In the previous post, I discussed two different learning methods for reinforcement learning, Monte Carlo learning and temporal difference learning. I then provided a unifying view by considering $n$-step TD learning and establishing hybrid learning method, $TD\left( \lambda \right)$. These methods are mainly focused on how to approximate a value function from experience. I introduced a new value function, $Q\left( {s,a} \right)$, that looks at the value of state-action pairs in order to achieve model-free learning. For all approaches, learning takes place by policy iteration, as shown below.


We start off by following an initial policy and explore the environment. As we observe the results of our actions, we can update our estimate of the true value function that describes the environment. We can then update our policy by querying the best actions to take according to our newly estimated value function. Ideally, this cycle continues until we've sufficiently explored the environment and have converged on an optimal policy.

In this post, I'll discuss specific implementations of the Monte Carlo and TD approach to learning. However, I first must introduce the concept of on-policy and off-policy learning. A method is considered on-policy if the agent follows the same policy which it is iteratively improving. However, there are cases where it would be more useful to have the agent follow a behavior policy while learning a target policy. Such methods, where the agent doesn't follow the same policy that it is learning, are considered off-policy.

Monte Carlo learning

The Monte Carlo approach approximates the value of a state-action pair by calculating the mean return from a collection of episodes.

GLIE Monte-Carlo

GLIE Monte-Carlo is an on-policy learning method that learns from complete episodes. For each state-action pair, we keep track of how many times the pair has been visited with a simple counter function.

$$ N\left( {{S_t},{A_t}} \right) \leftarrow N\left( {{S_t},{A_t}} \right) + 1 $$

For each episode, we can update our estimated value function using an incremental mean.

$$ Q\left( {{S_t},{A_t}} \right) \leftarrow Q\left( {{S_t},{A_t}} \right) + \frac{1}{{N\left( {{S_t},{A_t}} \right)}}\left( {{G_t} - Q\left( {{S_t},{A_t}} \right)} \right) $$

Here, $G_t$ either represents the return from time $t$ when the agent first visited the state-action pair, or the sum of returns from each time $t$ that the agent visited the state-action pair, depending on whether you are using first-visit or every-visit Monte Carlo.
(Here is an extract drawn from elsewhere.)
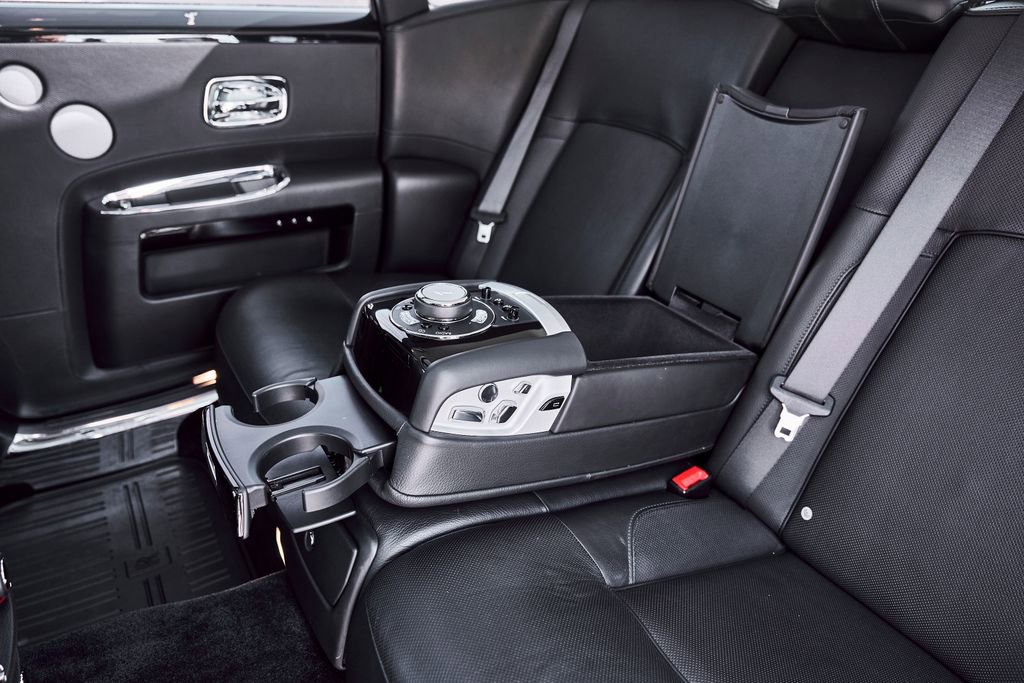 Used 2014 Rolls-Royce Ghost RWD image 54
We'll adopt an $\epsilon$-greedy policy with $\epsilon=\frac{1}{k}$ where $k$ represents the number of episodes our agent has learned from.

Temporal difference learning

The temporal difference approach approximates the value of a state-action pair by comparing estimates at two points in time (thus the name, temporal difference). The intuition behind this method is that we can formulate a better estimate for the value of a state-action pair after having observed some of the reward that our agent accumulates after having visited a state and performing a given action.


Sarsa is an on-policy $TD\left(0 \right)$ learning method. The name refers to the State-Action-Reward-State-Action sequence that we use to update our action value function, $Q\left( {s,a} \right).$

We start off in state $S$ and perform action $A$. This state-action pair yields some reward $R$ and brings us to a new state, $S'$. We then follow our policy to perform action $A'$ and look up the value of this future trajectory according to $Q\left( {S',A'} \right)$ (taking advantage of the fact that we define the value of a state-action pair to incorporate the value of the entire future sequence of states following our policy).

Photo by Richard Sutton

We'll define our policy as $\epsilon$-greedy with respect to $Q\left( {s,a} \right)$, which means that our agent will have a $1 - \epsilon$ probability of performing the optimal action in state $S'$ and an $\epsilon$ probability of performing a random exploratory action.

The value function update equation may be written as

$$ Q\left( {S,A} \right) \leftarrow Q\left( {S,A} \right) + \alpha \left( {\left( {R + \gamma Q\left( {S',A'} \right)} \right) - Q\left( {S,A} \right)} \right) $$

where we include one step of experience combined with a discounted estimate for future returns as our TD target.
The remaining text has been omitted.